I recently listened to an Emotional Healthy Leader Podcast episode by Pete Scazzero (The September 6 episode, Silencing the Seductive Voice of Your False Self) that greatly impacted me. In the episode, Pete said, “one of the most destructive temptations leaders face is living and leading from the veneer of the false self.” He then listed ten examples of how this can happen. 

These examples made sense to me — and I think they’ll resonate with you too. In the upcoming weeks, I’ll talk about all ten. I am doing this because overcoming the false self is the best way to head into 2023. Leadership is about doing things with and through other people, so leading yourself past your false self is step one to leading effectively. 

Part 1: The struggle of pointing out my flaws and weaknesses to others.

How easy is it to talk about your flaws and weaknesses? I feel like this is the first step we should take because it is far easier to point out the flaws and imperfections of others than it is to talk about our own. 

Having said that, here are some of my flaws and weaknesses: 

  • I sometimes process issues with third parties and share too much information. This is gossip when I do. 
  • I can be moody at home. This comes out of my selfishness and desire to have things my way. 
  • I like approval (more on this next week). 
  • I often look for relief in “stuff,” even though I profess happiness cannot be found in “stuff.” 
  • I allow my eyes to critique others and linger too long on what I find attractive. 
  • I occasionally compare my work situation with my sisters, who I co-lead the business with, sometimes leading to a feeling of discontentment. 
  • My opinions often come off as if I can fix everything from the state of the country to the Chicago Bears.

And the above is only the tip of the iceberg. 

Let me tell you something about sharing those flaws with you. It feels good; there is freedom in just being real. It is freeing because you no longer have to put up the front of your false self. It also humanizes you to others as they are not perfect either. We all are works of improvement. 

Want to be someone worth following? Open up about your flaws and weaknesses. You are a human being, after all. No one outside of yourself expects you to be perfect (and more on “beating yourself up” in a few weeks). 

Opening up about your flaws and weaknesses will allow you to live more authentically. You will no longer have to hide. It will also help you become more graceful towards the flaws and weaknesses of others because you will realize they’re human too. 

On that thread, why not be open about your flaws and weaknesses in your home life as well? After all, who knows you better than your spouse and your kids? Or, if you are not married with kids, who knows you better than your closest friends and family? Opening up to these people opens the door to the deepest of human relationships. 

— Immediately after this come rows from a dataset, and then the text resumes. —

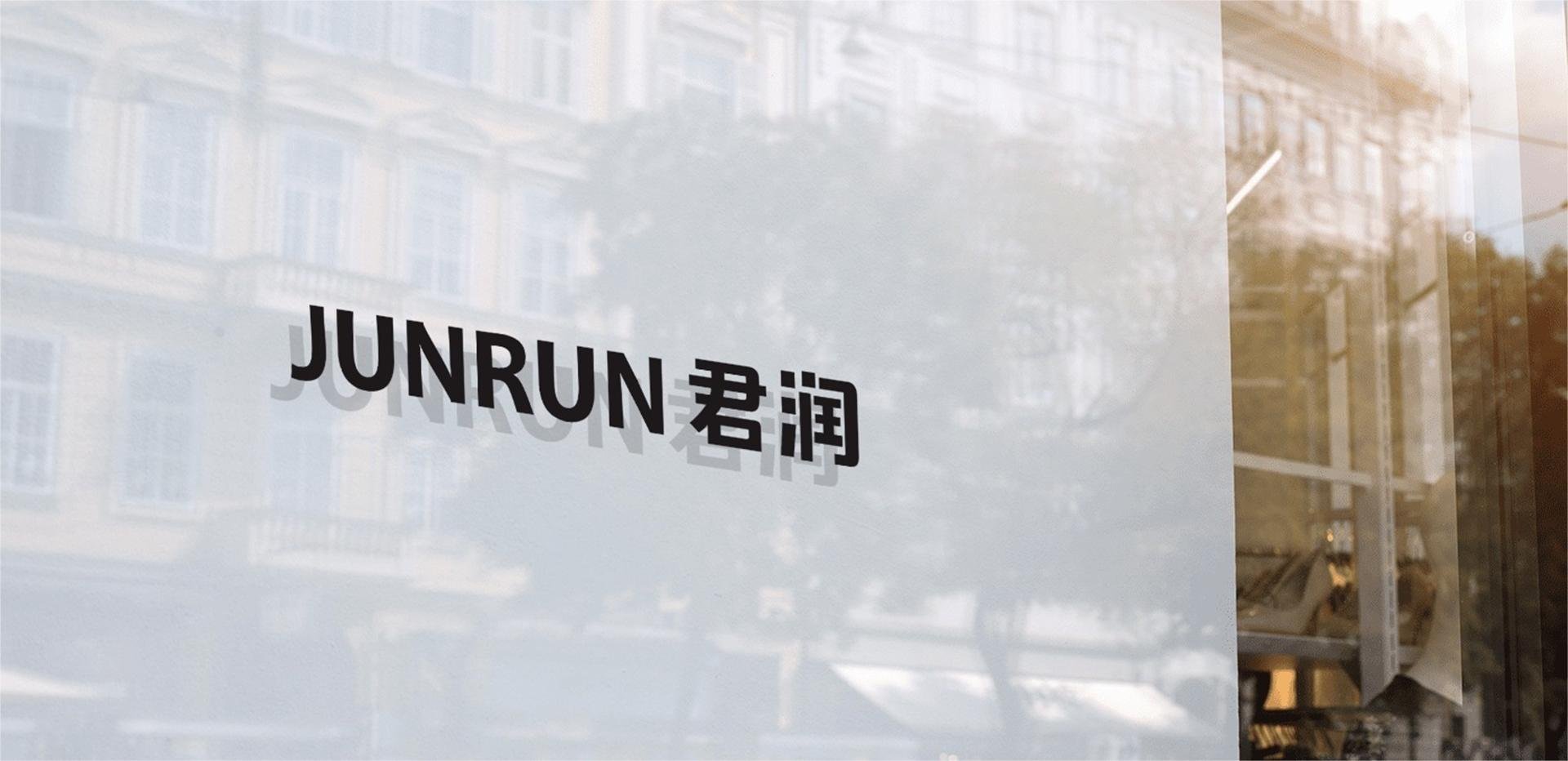 AI设计师-户外玻璃墙LOGO展示效果 (1)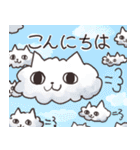 ねこぐもちゃん(使いやすい！かわいい！)（個別スタンプ：10）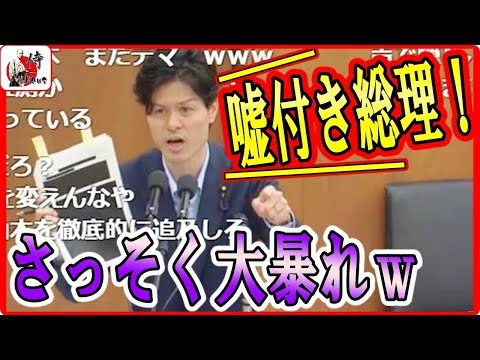 柚木道義🔴【国会中継】加藤大臣ブチ切れ！休みボケの暴言をフルボッコ！2018年5月9日-侍News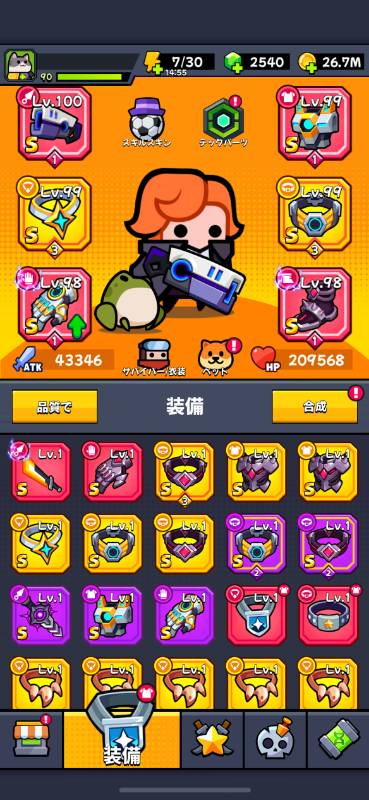 出品画像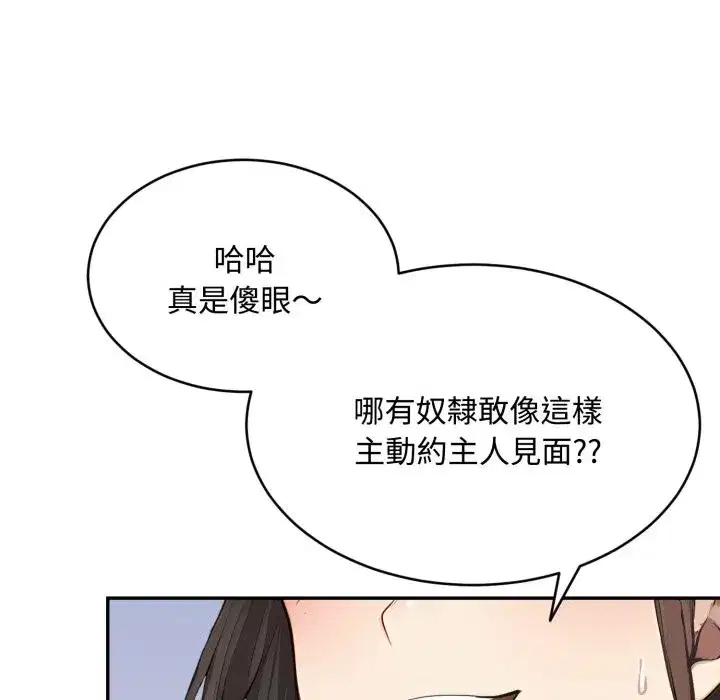 第33話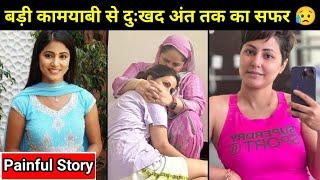 Painful Story Of Hina Khan | Update | Biography | TV Show | Story | Lifestyle | Boyfriend |News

For example, acknowledging that I am a work-in-progress to Sarah is something she sees with her own eyes every day! Yet, I can safely say that Sarah is a work in progress too — and no, saying that doesn’t mean I’ll be sleeping on the couch tonight, because she knows it too. No one knows my flaws more than she does and vice versa. To be known, and loved, is amazing. There is no better human relationship than one that captures this authenticity. 

Yet, only God can fully and truly know all of our thoughts, desires, motives, and faults. So to be fully known, and only God fully knows, and loved, is amazing grace. 

This week I invite you to consider your own flaws and weaknesses. You do not have to post them anywhere, but I challenge you to start sharing them with someone (a spouse, a friend, a coworker) this week. It is your first step to leaving your false self behind.